New stepped bargeboards (yellow) were matched with Brawn's Japanese GP-spec 'pod' wings © AUTOSPORT
Only the Brawn team brought new parts to last weekend's Brazilian Grand Prix, while the other teams ran a mix of the Singapore and Japan updates and older parts to suit the unique nature of the Sao Paulo track.
Interlagos is one of the few tracks to run anticlockwise, and its three sectors are split into two separate demands. Sectors one and three are made up of long straights and curves, while the middle sector is a long sequence of slower turns.
The long uphill run to the start finish straight demands engine power, which is diminished by the thin air due to the altitude. This long straight would normally require a low drag set-up, but such is the importance of the middle sector, the cars run a high downforce level.
But it is a tight balancing act - too much downforce will impede straight line speed. The wet weather also tipped the emphasis onto more grip and less top speed. Many teams were torn in deciding the set-up to enter qualifying with, hoping that loss in lap time from a dry set-up would be rewarded with a dry race.
Brawn further revised its front wing endplates with a 'C' shaped undercut to the footplate © AUTOSPORT
Brawn was the only team to bring major parts to the Brazilian race, with new bargeboards and front wing endplates.

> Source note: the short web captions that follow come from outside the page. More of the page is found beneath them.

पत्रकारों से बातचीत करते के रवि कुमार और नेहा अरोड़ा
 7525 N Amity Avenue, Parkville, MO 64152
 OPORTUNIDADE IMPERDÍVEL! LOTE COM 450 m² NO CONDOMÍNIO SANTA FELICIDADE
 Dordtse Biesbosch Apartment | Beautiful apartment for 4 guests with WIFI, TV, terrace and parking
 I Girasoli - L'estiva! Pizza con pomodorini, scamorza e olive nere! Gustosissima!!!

Possibly matched to other new parts, these were the largest visible changes to the car for several races.
Taking a leaf from the 2008 Honda design book, the small bargeboards were given a stepped upper edge. With the loss of the previous fenced upper edge, this change would break up the single large vortex off the top of the board. This part probably complements the fin added for the Japanese race.
The endplates on the front wing were also subtly revised. Since Silverstone the team has tried a more square shape to the footplate, over the conventional wavy version used since the car was first raced. Now the footplate meets the wing with a rounded shape, which curls under to create a 'C' shape. The rounded shape should keep airflow moving, which should encourage the airflow around the front tyre.
Red Bull continued to try similar understated changes to its endplates. The wider footplate and revised cascade tried by Mark Webber in the Japanese race was run again in Brazil.
Force India ran both the extended shark fin and the finned wheel covers in Brazil © AUTOSPORT
Force India refitted the extended shark fin tested previously on the VJM02. This is a slimmer version of the Red Bull version. A convenient split near the rear wing allows the top body to be removed. Additionally the finned rear brake ducts were raced - these sport eight fins to aid airflow extraction from the rear wheels.
Lastly BMW Sauber shunned its Brawn style brake ducts and went back to the boxy old design. Not withstanding this retrograde step the car was competitive in both qualifying and the race, finishing second in the hands of Robert Kubica.